The following paragraph just provides some information about the paper and context for my question. Strictly speaking, it may be skipped. My question itself is concerned with simple multivariate polynomial algebra

Essentially, to test if the function values on a set of evaluation points correspond to a bivariate polynomial of maximum degrees $(d,d)$, we check whether the restriction of this to axis parallel lines (i.e. rows and columns) are all degree $d$ univariate polynomials (This is an equivalence condition in the absolute case, which is easy to verify. The interesting part is the robustness of the test: that is, if the function values on the restrictions to axis parallel lines agree with low-degree polynomials on "most" points, then there is a bivariate low degree polynomial which also agrees with the function on most evaluation points). The proof of robustness uses the notion of error-corrector polynomial to capture the "bad" evaluation points, polynomial interpolation and then uses resultants. I am intentionally not being too precise here because none of this is relevant to my actual doubt, which is probably a minor algebraic technicality in a part of the proof: http://cs.yale.edu/homes/spielman/PAPERS/holographic.pdf

The problem

Consider section 5: "Piecing it together" in the above paper. The polynomials $P(x,y)$ and $E(x,y)$ are interpreted as univariate polynomials in $y$ over the field of rational functions in $x$ over $\mathbb{F}$, that is $\mathbb{F}(x)$ . We would ultimately like to show that $E(x,y)$ divides $P(x,y)$ as bivariate polynomials in $\mathbb{F}[x,y]$, and this is shown by arguing that $E(x,y)$ divides $P(x,y)$ as univariate polynomials in $y$ over $\mathbb{F}(x)$, and then use Gauss's lemma to imply the former.

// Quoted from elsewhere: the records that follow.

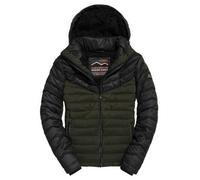 Superdry jacket tweed mix fuji black quilted men's size: 2XL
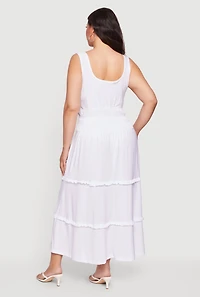 Plus Keyhole Detail Sleeveless Ruffle Tiered Maxi Dress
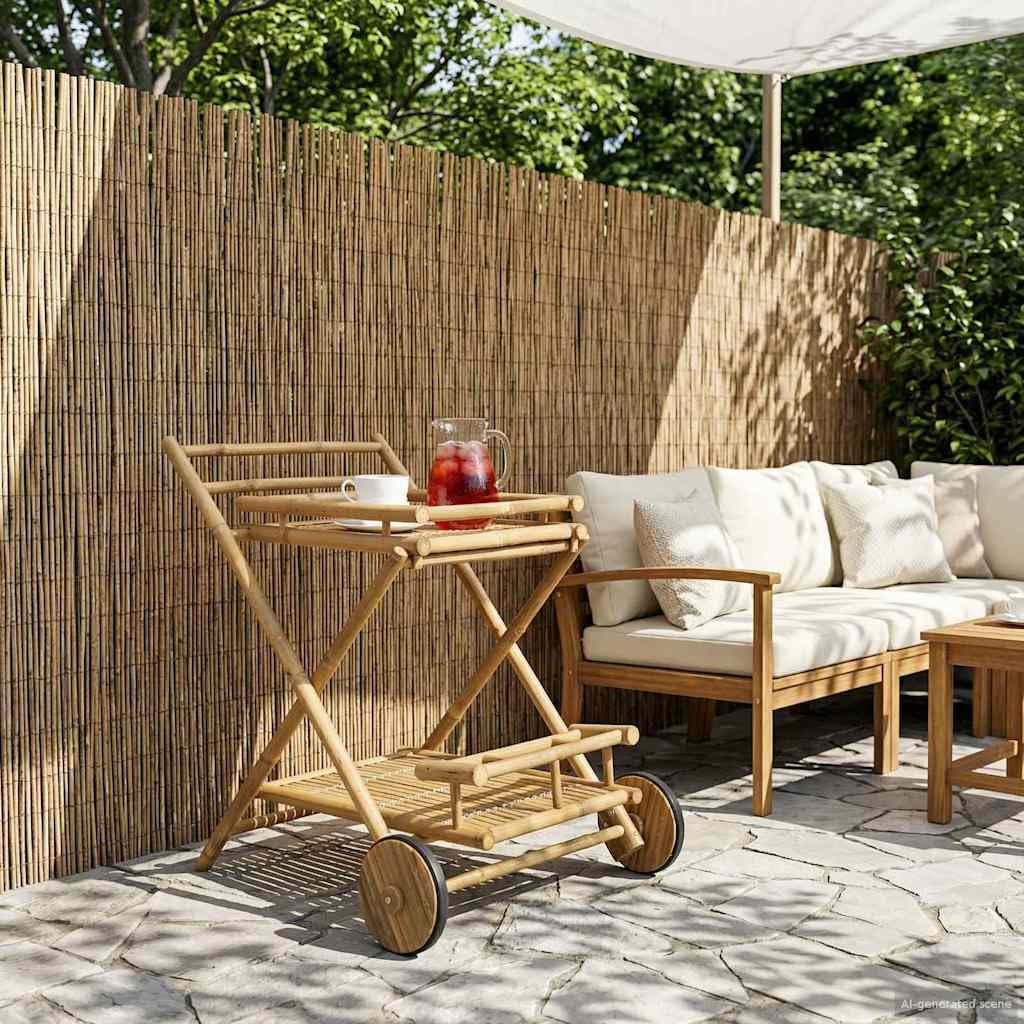 vidaXL Carrello da Servizio con Ruote Naturale 79 x 67,5 x 84 cm bambù, Carrello da tè in Bamboo Moderno e Resistente, Versatile per Interni ed Esterni, Pratico e Compatto con Ruote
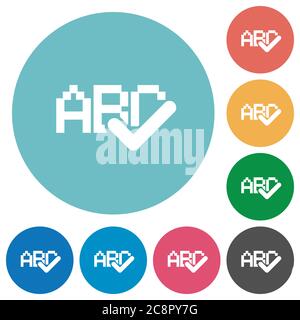 Flat spell check icon set on round color background. Stock Vector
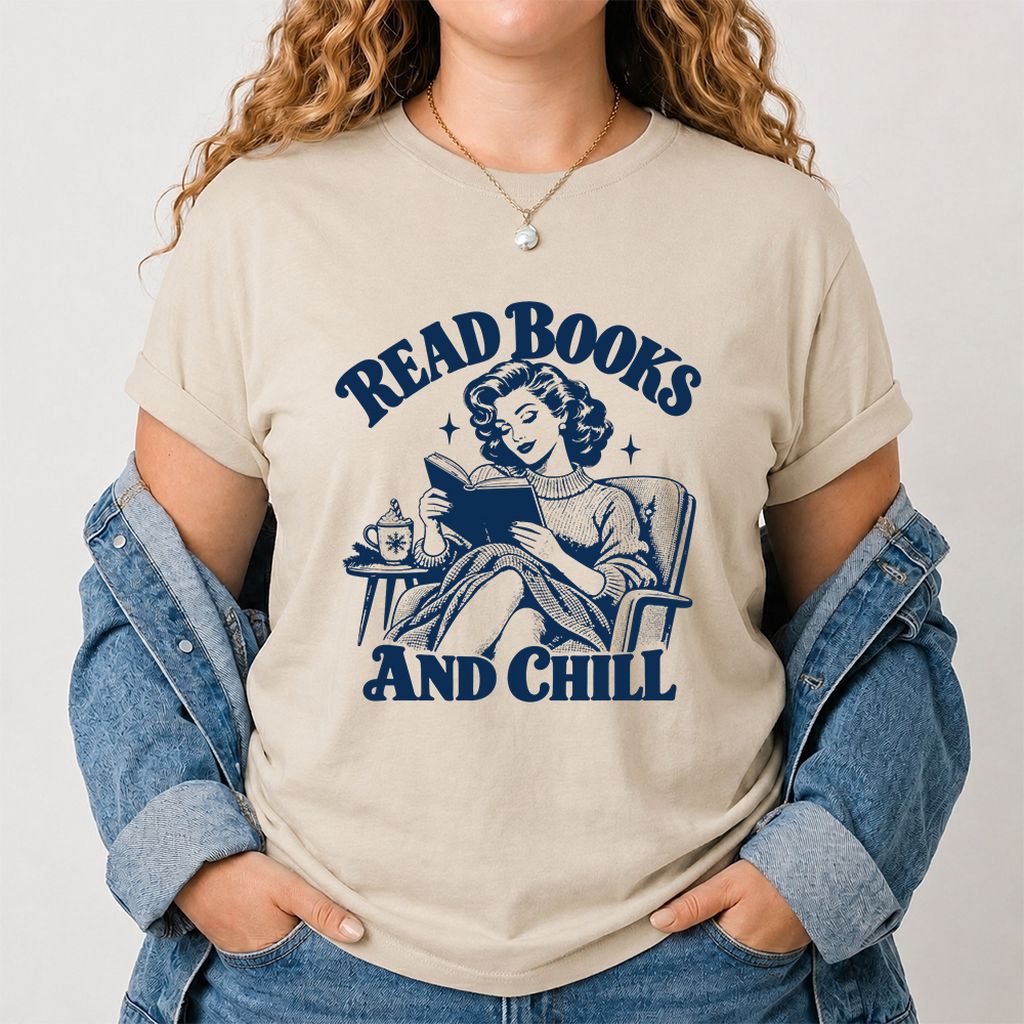 READ BOOKS AND CHILL Printed T-Shirt | Cozy Book Lover Gift Sand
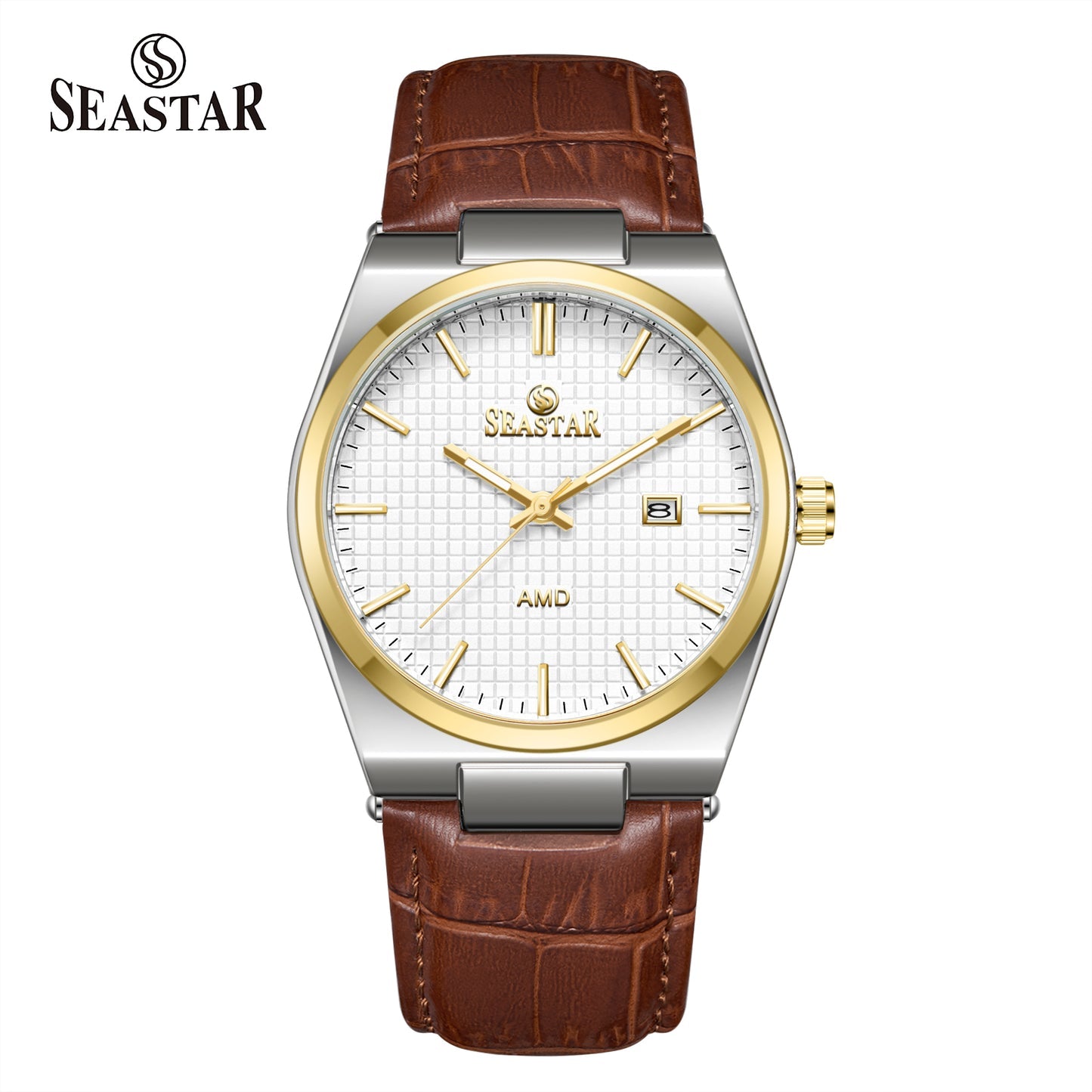 Seastar Checkered Dial Leather Straps Men's Watch 1500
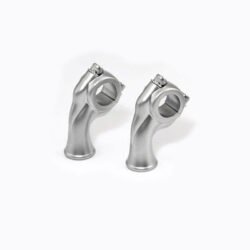 Riser KustomTech chromé satiné 22 mm (7/8 pouce) vue principale sur fond neutre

I am unable to see how Gauss's lemma trivially establishes this implication.

For instance, suppose $P(x,y)=y^2x$ and $E(x,y)=yx^2$. Then $E$ does divide $P$ as polynomials in $y$ over $\mathbb{F}(x)$, but clearly not as bivariate polynomials in $\mathbb{F}[x,y]$.

(Gauss's lemma states that if a univariate polynomial in $\mathbb{D}[x]$ (where $\mathbb{D}$ is a UFD) is reducible as a polynomial in $\mathbb{K}[x]$ (where $\mathbb{K}$ is the field of fractions of $\mathbb{D}$), then it is reducible in in $\mathbb{D}[x]$ itself.)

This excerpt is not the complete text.